By April of 1865, Lee’s forces are down to two corps, one commanded by Longstreet and the other commanded by Gordon. Gordon’s attempt to break out at Appomattox Courthouse is futile, and the army is starving, so Lee arranges the surrender. Acting for Gen. Grant, Union Gen. Joshua Chamberlain — the hero of Gettysburg — is to receive the surrender of Gordon and his men. Chamberlain is greatly moved by the event and describes it in his own words:
After the Civil War, Gordon had a great political career, and was widely acclaimed as a hero. He was three times elected to the United States Senate and two times elected governor of Georgia. He, and his horse Marye, are immortalized in statue on the grounds of the state capital, and Gordon sleeps peacefully in a place of honor at Historic Oakland Cemetery.
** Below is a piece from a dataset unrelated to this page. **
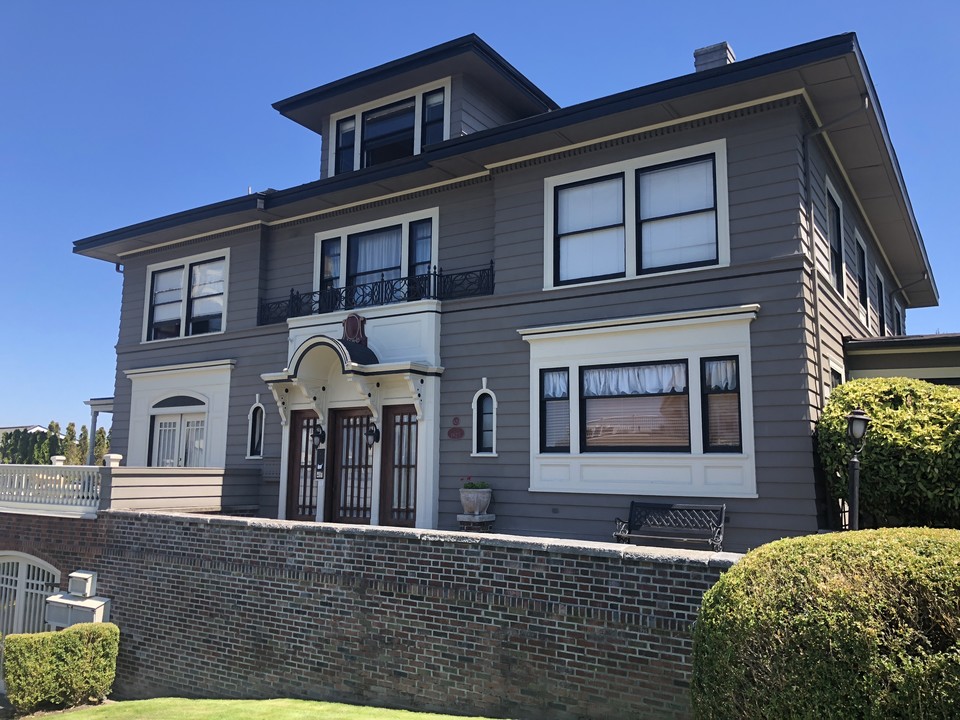 Weyerhaeuser Mansion in Tacoma, WA - Building Photo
“The momentous meaning of this occasion impressed me deeply. I resolved to mark it by some token of recognition, which could be no other than a salute of arms. Well aware of the responsibility assumed, and of the criticisms that would follow, as the sequel proved, nothing of that kind could move me in the least. The act could be defended, if needful, by the suggestion that such a salute was not to the cause for which the flag of the Confederacy stood, but to its going down before the flag of the Union. My main reason, however, was one for which I sought no authority nor asked forgiveness. Before us in proud humiliation stood the embodiment of manhood: men whom neither toils and sufferings, nor the fact of death, nor disaster, nor hopelessness could bend from their resolve; standing before us now, thin, worn, and famished, but erect, and with eyes looking level into ours, waking memories that bound us together as no other bond;—was not such manhood to be welcomed back into a Union so tested and assured? Instructions had been given; and when the head of each division column comes opposite our group, our bugle sounds the signal and instantly our whole line from right to left, regiment by regiment in succession, gives the soldier’s salutation, from the “order arms” to the old “carry”—the marching salute. Gordon at the head of the column, riding with heavy spirit and downcast face, catches the sound of shifting arms, looks up, and, taking the meaning, wheels superbly, making with himself and his horse one uplifted figure, with profound salutation as he drops the point of his sword to the boot toe; then facing to his own command, gives word for his successive brigades to pass us with the same position of the manual,—honor answering honor. On our part not a sound of trumpet more, nor roll of drum; not a cheer, nor word nor whisper of vain-glorying, nor motion of man standing again at the order, but an awed stillness rather, and breath-holding, as if it were the passing of the dead!”